For incident BC cases, the clinical reviewer also recorded the earliest date on which there was an indication that BC was present. Only incident cases were used in the analyses.

Statistical methods

Baseline characteristics are provided for liraglutide initiators and “all comparators” combined. Because of the complexity of drug use patterns, several methods were used to separately quantify risks associated with starting liraglutide, being on liraglutide currently, and cumulative exposure. As the primary analysis, an analog to intention-to-treat (ITT) analysis of randomized trials was applied to quantify the risk associated with starting treatment, attributing all follow-up time to the initial exposure cohort. Incidence rates (BC cases per 100,000 person-years) were estimated as the number of patients with BC divided by the person-years of follow-up. Poisson regression models were used to estimate incidence rate ratios (RRs) and 95% CIs for liraglutide vs each comparator group. Generalized estimating equations (GEEs) were used to account for the paired nature of the data created by matching, except in cases when data were too sparse to support the GEE estimation.24 In a latency analysis, person-time and BC cases from the first year of each patient’s follow-up were excluded to focus on the probable period of any liraglutide effect on BC.

A time-on-drug (TOD) analysis was performed to evaluate the effect of recency of use of liraglutide. The dispensing date and days’ supply (ie, a pharmacist-estimated number of days that a prescription is expected to last if taken according to the prescribing instructions) were used to categorize each person-day of follow-up into “current”, “recent”, and “past” use, for each study drug. “Current” use included the day after the dispensing date up through the end of the days’ supply. A 31-day grace period was added to the end of days’ supply to allow for variable adherence. “Current” use continued as long as new refill dispensings were observed before the grace period ended. Once the grace period expired, it was assumed the patient discontinued that drug. The next 31 days (person-time occurring between 32 and 62 days after “current” use) were considered as “recent” use. Person-time occurring after “recent” use was categorized as “past” use and persisted unless the patient re-started the same treatment, thereby re-entering the “current” use category. Because many patients switched and added AD therapies regularly, patients in matched pairs may have had use of both liraglutide and a comparator during follow-up. If BC was diagnosed while the patient was currently on liraglutide and had past use of the comparator, for example, the BC case and corresponding person-time were included in the incidence estimate for “current” liraglutide use and “past” comparator use. When patients had concurrent use of both drugs in the comparison, cases and person-time were included in “current” use for both drugs. Poisson regression was used to estimate the RRs and 95% CIs for “current”, “recent”, and “past” use of liraglutide vs the same “current-recent-past” category for comparators, adjusted by the logit of the PS to address confounding.
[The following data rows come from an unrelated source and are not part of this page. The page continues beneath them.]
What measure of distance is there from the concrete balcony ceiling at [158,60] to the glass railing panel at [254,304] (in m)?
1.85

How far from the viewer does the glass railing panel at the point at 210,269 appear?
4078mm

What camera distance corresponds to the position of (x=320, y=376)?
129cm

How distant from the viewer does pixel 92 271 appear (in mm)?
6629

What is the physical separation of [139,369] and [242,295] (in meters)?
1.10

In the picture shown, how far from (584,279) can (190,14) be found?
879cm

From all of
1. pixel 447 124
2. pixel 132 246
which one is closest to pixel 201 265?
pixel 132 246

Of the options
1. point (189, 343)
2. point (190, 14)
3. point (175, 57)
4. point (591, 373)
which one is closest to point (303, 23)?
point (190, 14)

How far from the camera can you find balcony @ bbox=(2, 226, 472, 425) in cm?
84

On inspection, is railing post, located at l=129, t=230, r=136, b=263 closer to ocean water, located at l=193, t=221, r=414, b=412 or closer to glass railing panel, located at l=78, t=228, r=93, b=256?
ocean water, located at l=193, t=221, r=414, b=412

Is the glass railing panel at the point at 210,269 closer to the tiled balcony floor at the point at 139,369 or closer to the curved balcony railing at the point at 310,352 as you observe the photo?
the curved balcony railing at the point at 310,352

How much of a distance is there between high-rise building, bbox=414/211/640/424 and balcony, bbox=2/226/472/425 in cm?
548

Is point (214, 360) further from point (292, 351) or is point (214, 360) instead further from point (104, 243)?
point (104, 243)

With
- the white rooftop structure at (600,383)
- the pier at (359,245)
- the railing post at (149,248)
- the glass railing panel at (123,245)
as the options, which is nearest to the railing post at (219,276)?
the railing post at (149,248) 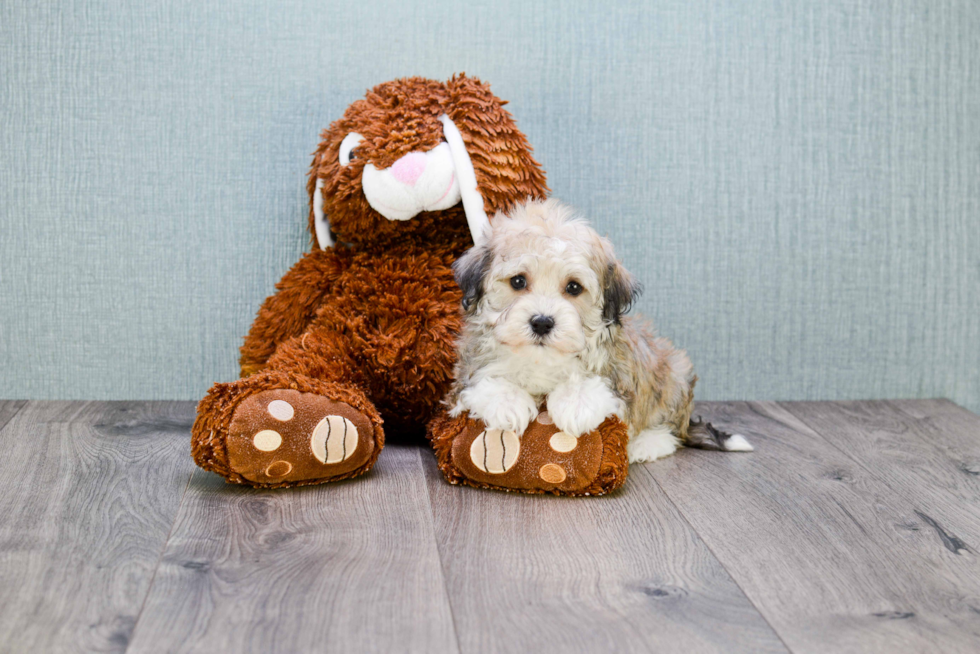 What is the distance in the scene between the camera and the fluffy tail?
2070 millimetres

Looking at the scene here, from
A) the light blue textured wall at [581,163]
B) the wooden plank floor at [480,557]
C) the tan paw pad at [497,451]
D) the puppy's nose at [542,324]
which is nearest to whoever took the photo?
the wooden plank floor at [480,557]

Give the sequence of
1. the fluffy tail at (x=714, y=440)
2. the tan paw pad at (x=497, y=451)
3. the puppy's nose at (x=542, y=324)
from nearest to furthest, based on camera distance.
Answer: the puppy's nose at (x=542, y=324)
the tan paw pad at (x=497, y=451)
the fluffy tail at (x=714, y=440)

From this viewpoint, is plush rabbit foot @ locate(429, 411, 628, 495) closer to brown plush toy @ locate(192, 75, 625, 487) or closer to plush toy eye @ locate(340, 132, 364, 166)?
brown plush toy @ locate(192, 75, 625, 487)

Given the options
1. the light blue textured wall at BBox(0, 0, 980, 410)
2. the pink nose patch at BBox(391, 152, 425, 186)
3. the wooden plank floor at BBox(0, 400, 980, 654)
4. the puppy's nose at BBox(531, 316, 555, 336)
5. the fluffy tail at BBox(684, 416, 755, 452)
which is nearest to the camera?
the wooden plank floor at BBox(0, 400, 980, 654)

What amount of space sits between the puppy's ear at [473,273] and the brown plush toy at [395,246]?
16 centimetres

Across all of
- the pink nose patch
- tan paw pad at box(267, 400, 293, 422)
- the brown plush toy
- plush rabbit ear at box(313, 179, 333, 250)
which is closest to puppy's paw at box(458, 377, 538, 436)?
the brown plush toy

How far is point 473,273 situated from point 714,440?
72 cm

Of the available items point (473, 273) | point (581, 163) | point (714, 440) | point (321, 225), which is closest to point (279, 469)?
point (473, 273)

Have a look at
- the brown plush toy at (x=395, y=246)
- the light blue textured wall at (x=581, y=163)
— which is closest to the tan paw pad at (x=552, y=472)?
the brown plush toy at (x=395, y=246)

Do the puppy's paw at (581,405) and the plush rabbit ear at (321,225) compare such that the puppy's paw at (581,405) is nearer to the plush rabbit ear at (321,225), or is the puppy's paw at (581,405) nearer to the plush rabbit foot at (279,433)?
the plush rabbit foot at (279,433)

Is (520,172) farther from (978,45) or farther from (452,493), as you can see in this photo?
(978,45)

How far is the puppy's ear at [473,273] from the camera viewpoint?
1744mm

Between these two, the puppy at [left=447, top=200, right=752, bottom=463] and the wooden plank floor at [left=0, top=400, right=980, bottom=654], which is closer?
the wooden plank floor at [left=0, top=400, right=980, bottom=654]

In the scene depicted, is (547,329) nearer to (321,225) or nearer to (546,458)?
(546,458) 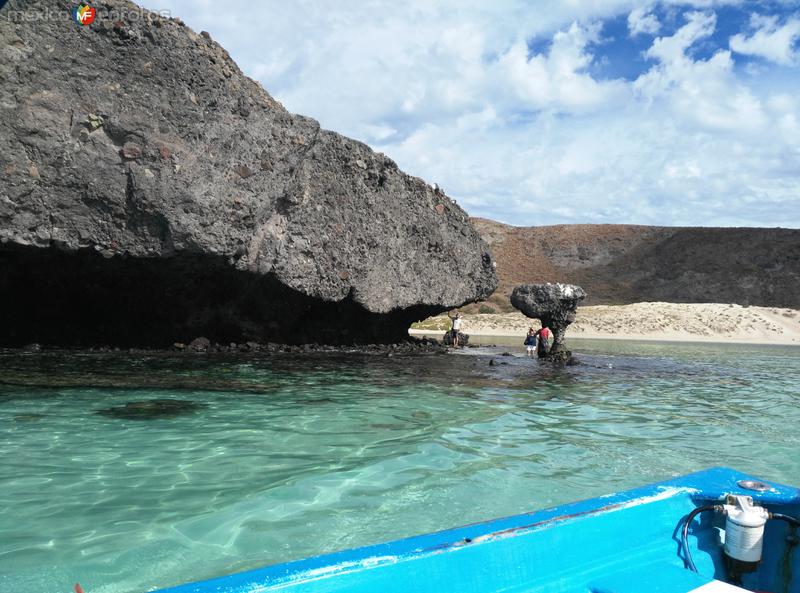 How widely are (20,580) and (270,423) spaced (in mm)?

An additional TOD analysis quantified patients’ cumulative time on liraglutide from cohort entry and compared the associated rate of BC within time unexposed to liraglutide (which was generally exposed to other ADs). For patients who initiated one of the other study drugs and later initiated liraglutide, cumulative exposure to liraglutide began at the time of that dispensing and subsequent person-time was no longer considered “liraglutide unexposed”. RRs were estimated using Poisson regression modeling within categories of cumulative time (<6 months, 6–18 months, and >18 months) relative to all “liraglutide unexposed” time, and models were adjusted for the logit of the PS.

The potential for surveillance bias was considered by comparing frequency of mammography during follow-up for each exposure group. The timing of BC diagnosis relative to cohort entry was examined for each of the seven matched cohorts. In addition, the distribution of cases by age group was examined, relative to the distribution of patients overall.

Results

Over the study period, 192,752 women were identified across all the drug cohorts. Of these, 4,202 (2.2%) had claims consistent with BC in the baseline period and were excluded from this analysis, leaving 188,550 women in the study. There were 1,009 algorithm-identified cases, of which 151 (15.0%) were consistent with prevalent BC, eight (0.8%) were determined to be non-cases, and 850 (84.2%) were clinical reviewer-confirmed incident BC cases (Figure 1).

Figure 1 Identification process and outcome for breast cancer case adjudication

Notes: Numbers in the upper portion of this figure reflect the number of actual women and numbers in the matched section of the figure reflect number of matched initiations, including some women who initiated multiple times.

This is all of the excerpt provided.